According to an aspect of an embodiment, there is provided a non-volatile, computer-readable storage medium on which program code is stored, during the execution of which a processor executes a method as described here. With regard to the method, reference can be made to all of the embodiments and variants described herein.
The aforementioned environment sensors can be arranged in particular on infrastructure such as traffic lights, street lamps, buildings or other objects. In particular, they are not mounted in vehicles, but are mounted on the road.
The information obtained can be made available to vehicles via vehicle-to-X communication, for example.
In particular, the path of objects at the intersection can be tracked using sensors of an intelligent intersection. Raw data or fused objects from sensors such as cameras, radar and/or lasers, can be used for this purpose. This allows so-called ant trails to be generated. These can also be referred to as paths.
Individual tracks can be derived from these individual raw/fusion data points, which when collated provide a very good picture of the movements at the intersection, which can also be grouped by the traffic light phases and the temporal conditions. Combining these ant trails into ant trail bundles based on certain criteria, such as time of day, opens up new possibilities for data generation at an intelligent intersection. An evaluation by an artificial intelligence system can also be used at this point. For example, an interconnection map is created, which can be transmitted to the vehicles.

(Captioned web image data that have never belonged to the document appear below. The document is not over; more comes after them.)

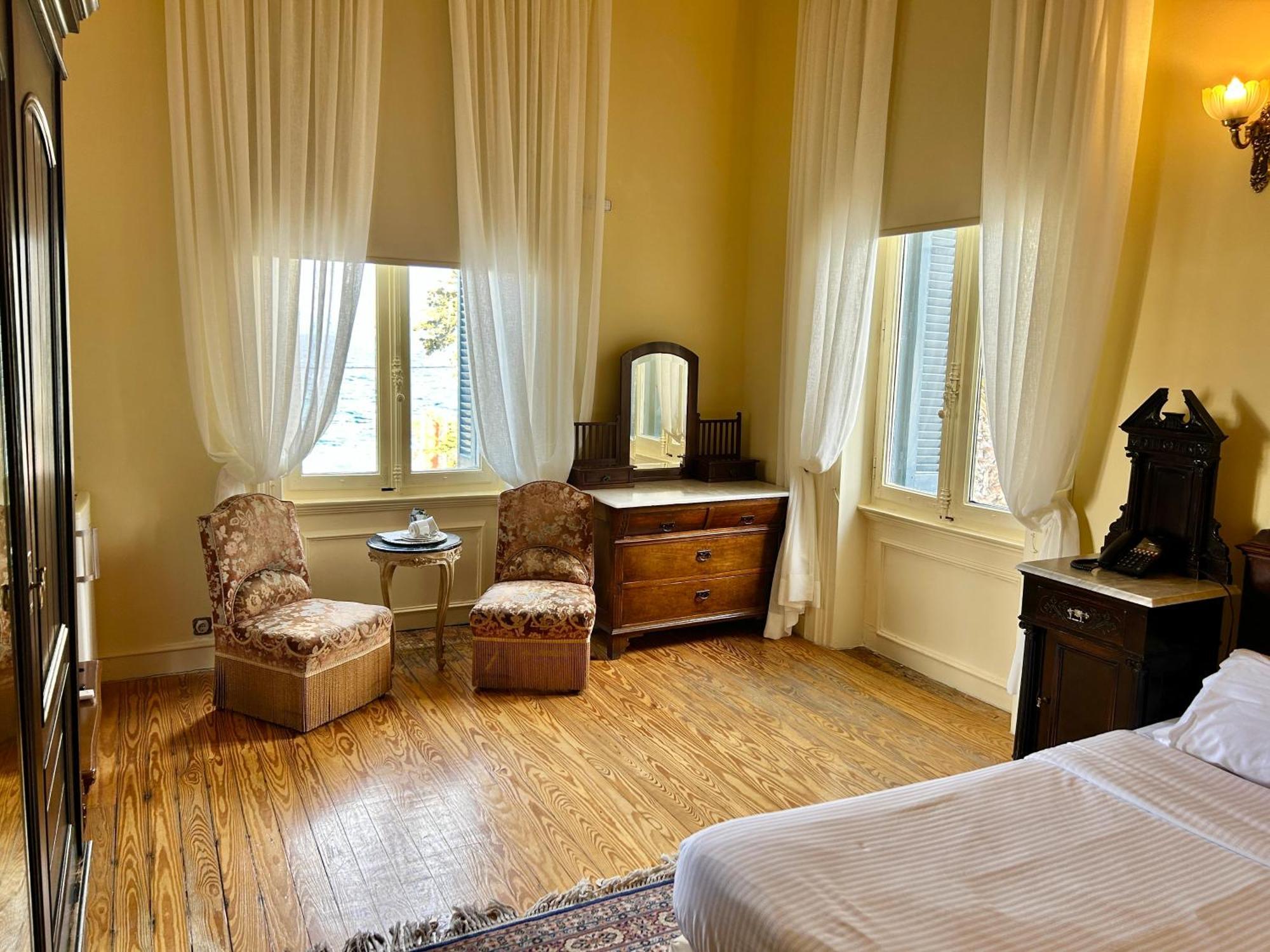 The Loriet Aparthotel Mytilene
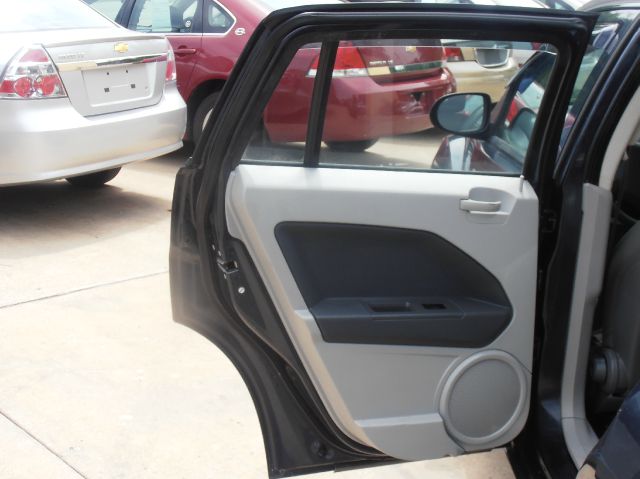 Dodge Caliber 2007 photo 11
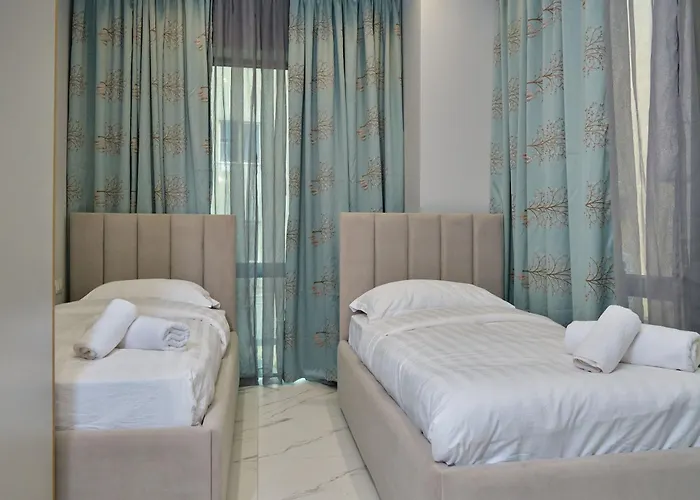 Season Apartment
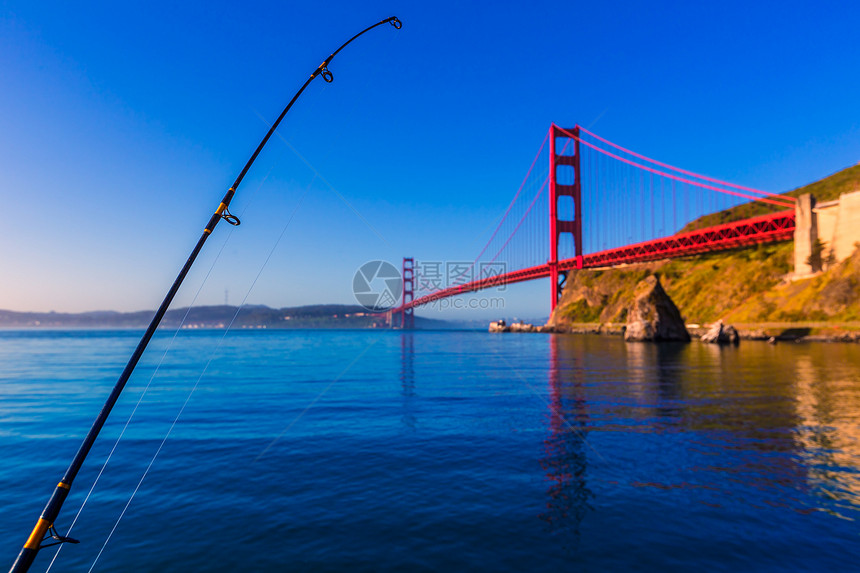 旧金山金门大桥 带钓竿图片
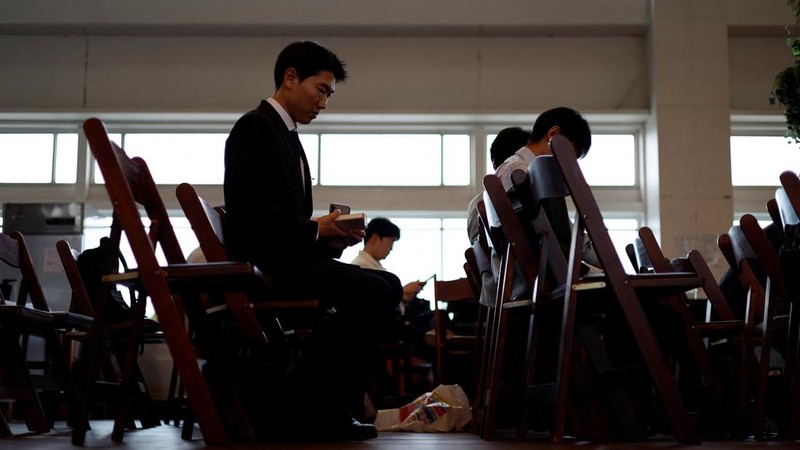 Seorang pencari kerja asal Korea Selatan meninjau catatannya sambil menunggu di sebuah bursa kerja yang menghubungkan para pelamar dengan perusahaan Jepang di Seoul, Korea Selatan, 12 Juli 2026.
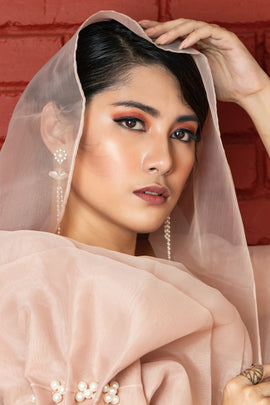 Mixing Cultures: How to Achieve a Modern Filipiniana Look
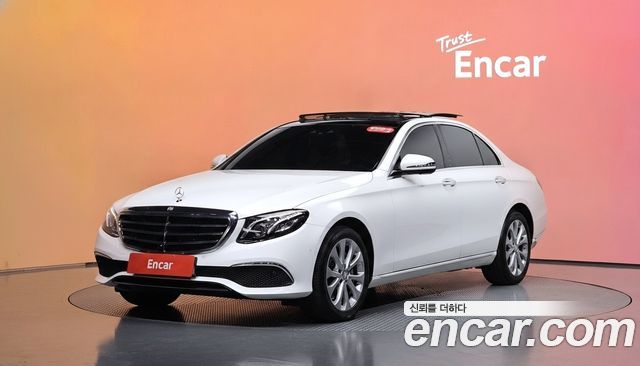 Mercedes-Benz E-Class из Кореи Encar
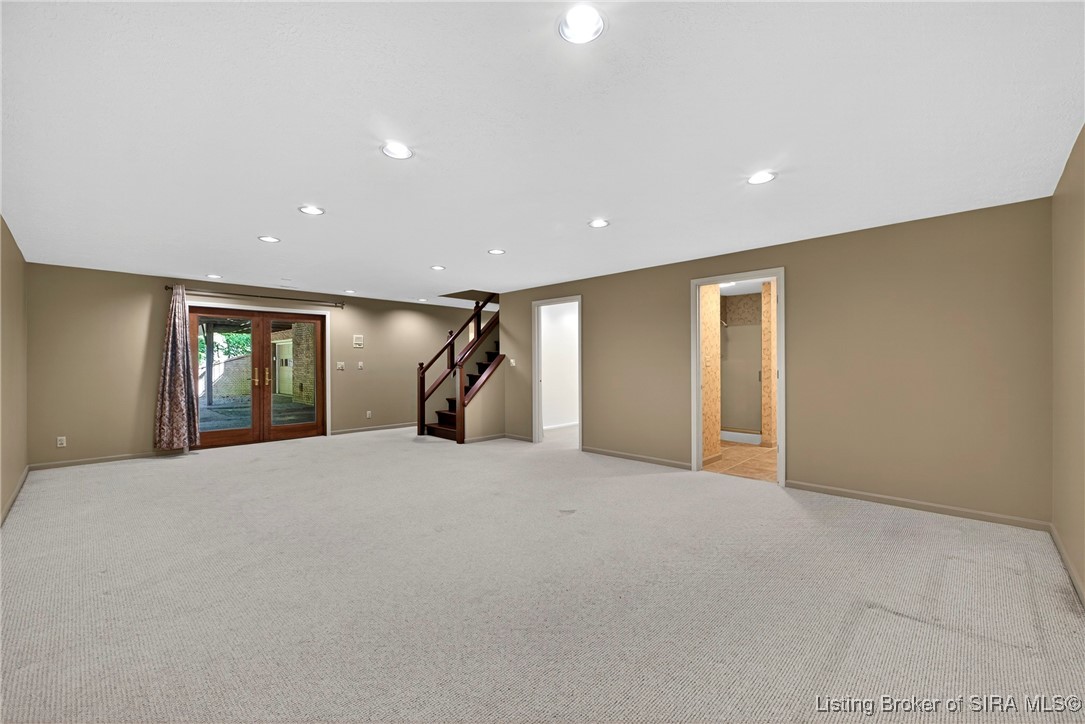 3 Captains Court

The interconnection map generated by the ant trails can identify the critical points at the intersection in relation to the traffic light phases, where an accident is more likely to occur, and transmit all of them or only the relevant ones depending on the traffic light phase.
Transmitting the generated data to vehicles, map manufacturers and apps opens up new avenues for future enhanced features.
In particular, the evaluation can also be used for downstream data generation.
In particular, connection data at an intersection can be identified automatically and can be updated daily if changes occur. Connection data can be related to a time interval, for example, in relation to traffic light phases. Critical points in an intersection (for example with increased risk of accidents) can be identified automatically, particularly in relation to the traffic light phases. Data can be shared with map manufacturers, vehicles, mobile phone apps, tablet apps, and other users. The map manufacturers then do not have to perform the labor-intensive processing of the maps manually.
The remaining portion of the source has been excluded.